Sent from my iPhone using Petguide.com Free App


----------



## GoSailGo (Sep 15, 2012)

That is amazing! The dog was so calm and happy! And then theres me who screamed the entire time with my face flapping in the breeze like a basset hound. It was really fun, but clearly I'm not a daily thrill seeker!


----------



## lkellen (Dec 4, 2012)

GoSailGo said:


> That is amazing! The dog was so calm and happy! And then theres me who screamed the entire time with my face flapping in the breeze like a basset hound. It was really fun, but clearly I'm not a daily thrill seeker!


Ah I haven't been, but want to go so bad!!! 

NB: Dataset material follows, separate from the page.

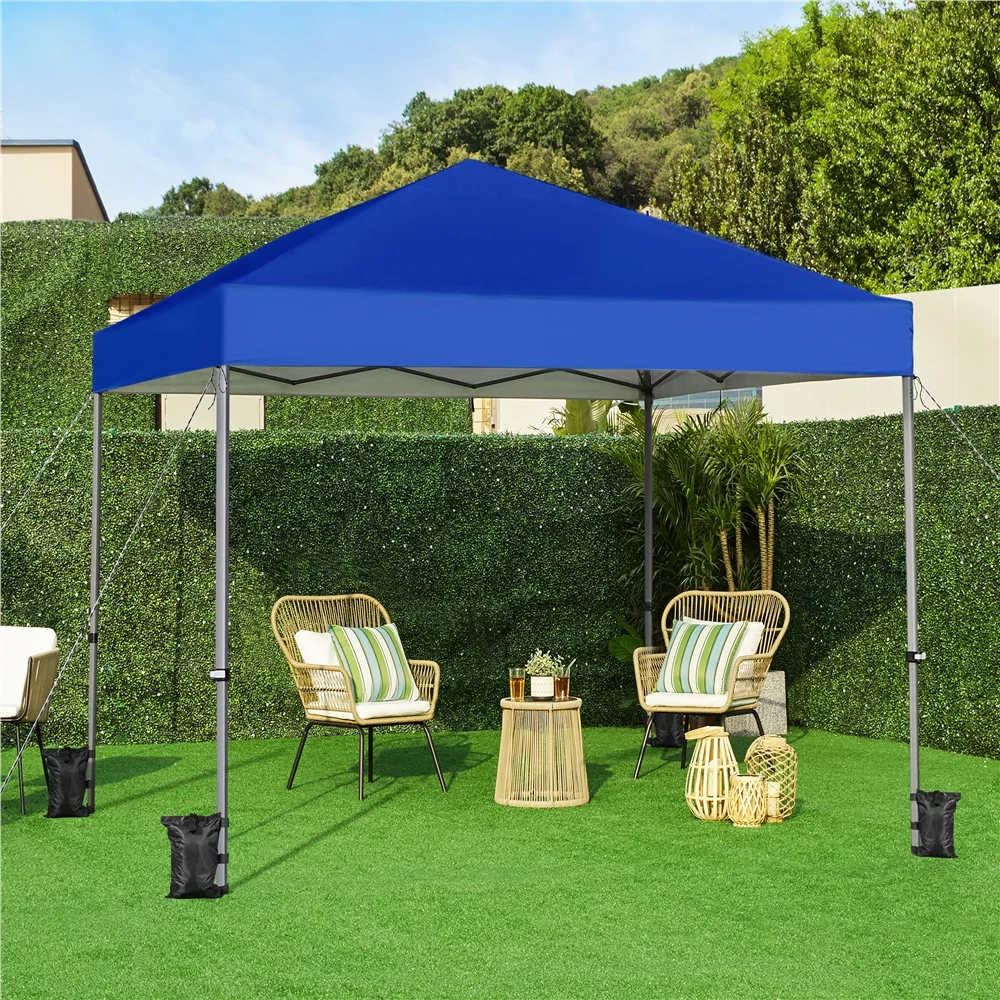 Yaheetech 8x8ft Pop-up Canopy with with One-Push-To-Lock Setup Mechanism, Blue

Sent from my iPhone using Petguide.com Free App


----------



## GoSailGo (Sep 15, 2012)

Its worth it, even if you only want to do it once (like me).


----------



## carmspack (Feb 2, 2011)

great video .

I had dogs in SAR in British Columbia that would be transported in kits suspended under a helicopter . Limited space allowed for personnel in the helicopter cabin . The teams would be flown to some wild country side or elevations , mountain trails , which were pretty much inaccessible to vehicle traffic . Hunters , hikers , gone missing or injured . The same dogs would repell down the sides of cliffs . Extremely important that the dogs were ready to "rock and roll" the instant they hit the ground .


----------



## cliffson1 (Sep 2, 2006)

You are right Carmen about the dog being ready to rock and roll upon landing. I have handled a scout dog in a chopper in training mission....when handler and dog hit the ground, you unclip the dog and both of you hightail it for cover. The blades are swirling and there is possibility of enemy fire....was very challenging in Nam. Of course the dog and handler reunite once in cover but the dog had to have terrific nerves and training.


----------



## skew12 (Aug 28, 2012)

That would be Chris Corbin and Ax. Both are still actively serving, but more on the training side of things I believe. They soon will retire together. I haven't had the pleasure of meeting Chris, but I've "seen" him around on some other forums over the years. He's a guy that bends over backwards to help anybody and has a great outlook on life. Also, his dog is quite popular.


----------



## Jax08 (Feb 13, 2009)

I'm not sure what impresses me more....the dog...or the man with prosthetic feet that was back to work 4 mths after losing them to a bomb. I don't have sound. Why were there 2 men jumping together?


----------



## TommyB681 (Oct 19, 2012)

AWSOME video! Honestly made my day just watching that


----------



## skew12 (Aug 28, 2012)

Jax08 said:


> I'm not sure what impresses me more....the dog...or the man with prosthetic feet that was back to work 4 mths after losing them to a bomb. I don't have sound. Why were there 2 men jumping together?


 i believe it was his first jump with his "new feet" and there were concerns about them staying on.


----------



## Al Pozzolini (Aug 13, 2013)

Totally Awesome!


----------



## Jaythethird (Jul 1, 2013)

****... 

Howdy from Idaho!


----------